Trump faces new inflation warning from bond markets

Trump faces new inflation warning from bond markets

WASHINGTON

The world is getting more uptight about lending money to President Donald Trump’s government — causing interest rates to climb in ways that are worsening affordability pressures, hampering economic growth and creating a new risk for Republicans in November’s midterm elections.


The energy price spike triggered by the Iran war has seeped into the price of bonds that help fund the U.S. government. Interest rates on a 10-year U.S. Treasury note are topping 4.44 percent up from 3.95 percent before the war started at the end of February. Average mortgage rates have climbed to their highest levels in nine months, while auto sales are slumping.


The challenge is global in scale, as interest rates have risen for multiple countries as the world has been adjusting to the prospect of higher inflation, mounting questions about the sustainability of government debt and a dramatic surge in investment in artificial intelligence.


Trump has tried to assure Americans that he has a plan to trim the roughly $1.8 trillion annual budget deficit. In the past, he has pointed to revenue from tariffs, payments from foreigners for his “Gold Card” visa, spending cuts made by the Department of Government Efficiency, and faster economic growth.

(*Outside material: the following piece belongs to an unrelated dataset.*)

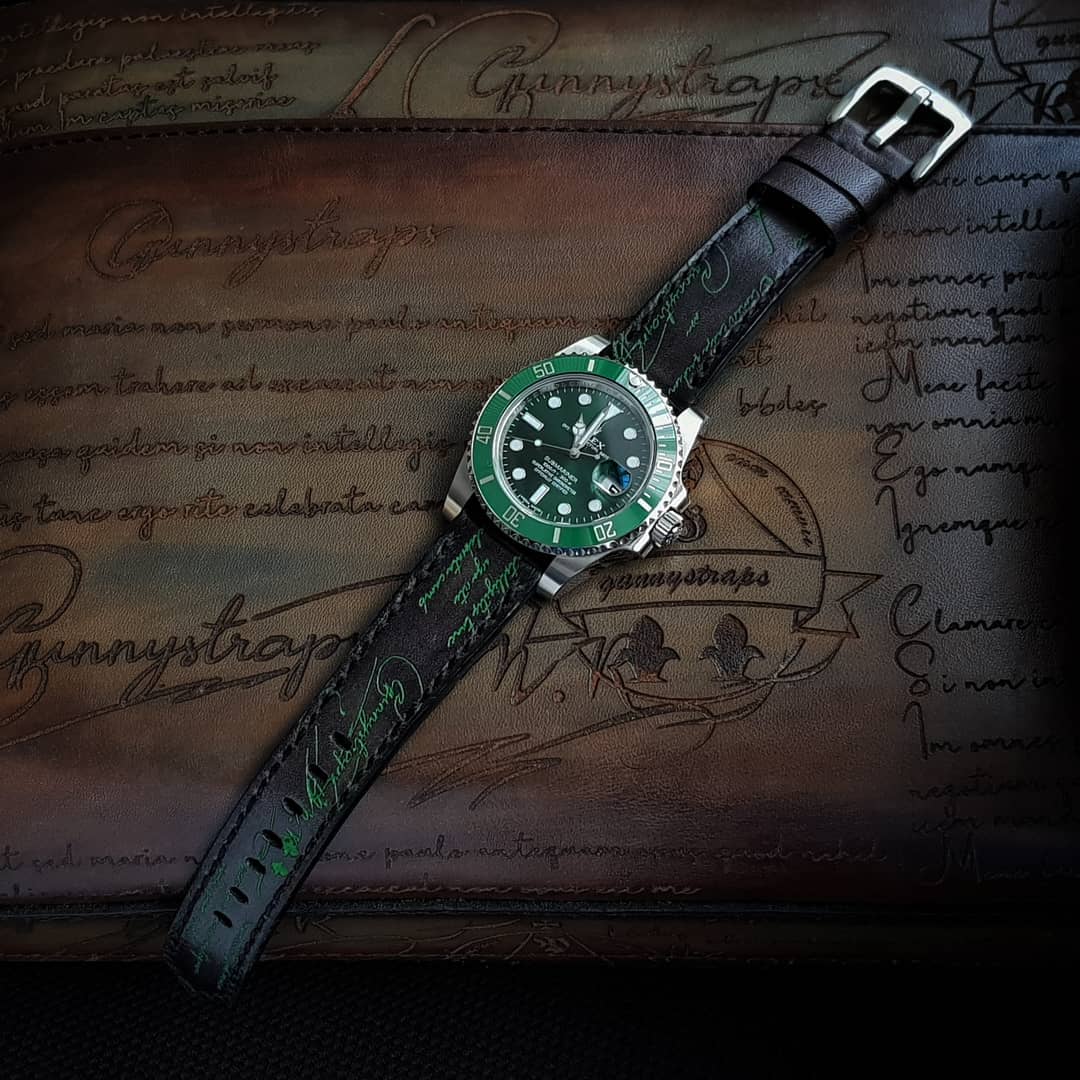 Rolex Straps - Black Patina with Green Scritto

Last week, he said the fraud task force led by Vice President JD Vance would be the key to unlocking massive savings.


“If he does really great, we’ll have a balanced budget without having to do anything,” Trump said.


Economists say Trump’s strategies to meaningfully curb the deficit are unlikely to deliver the promised results.

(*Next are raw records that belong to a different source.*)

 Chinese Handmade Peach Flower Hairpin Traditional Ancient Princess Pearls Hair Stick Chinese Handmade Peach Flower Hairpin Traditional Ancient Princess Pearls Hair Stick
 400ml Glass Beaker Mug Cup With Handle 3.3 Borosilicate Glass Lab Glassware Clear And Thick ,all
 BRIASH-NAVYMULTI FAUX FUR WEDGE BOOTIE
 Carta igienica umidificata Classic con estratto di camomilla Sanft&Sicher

The cost of servicing the national debt has tripled since 2021 to more than $1 trillion annually, said Jessica Riedl, a budget and tax fellow at the Brookings Institution.
“President Trump signed a tax cut bill that will likely add $5 trillion to 10-year deficits — and tariffs are offsetting only a small fraction of those costs,” she said. “Budget deficits are still projected to soar past $4 trillion annually within a decade under current policies.”


Deficits are expected to grow over the next decade as the costs of Social Security and Medicare outstrip tax revenues.


The 10-year U.S. Treasury rate climbed as high as 4.67 percent in the middle of May and has since eased as negotiations over the Iran ceasefire continued — just as rates initially climbed in 2025 because of Trump’s “Liberation Day” tariffs and then began to decline once Trump backed off the most extreme increases.

When Kent Smetters, faculty director of the Penn Wharton Budget Model, broke down the math tied to rising 30-year Treasury yields, he estimated that 60 percent of the increase had come from the expectation that America will continue its outsized borrowing and the other 40 percent was tied to the inflation driven by the Iran war and Trump’s tariffs.


Glenn Hubbard, a former chairman of the White House Council of Economic Advisers during the George W. Bush administration, worries that the U.S. may no longer have the same borrowing capacity as before to effectively combat an economic crisis, such as the 2008 crash or the coronavirus pandemic.


“I don’t think we have the space that we had in 2008 or 2020 to deal with it,” said Hubbard, now a professor at Columbia University’s Business School. “Washington doesn’t seem to be full of ideas — good or bad — to solve it.”


Higher interest rates are giving Democratic candidates in the races to determine control of the House and Senate another line of attack at a time when voters are concerned about high costs for food and gasoline.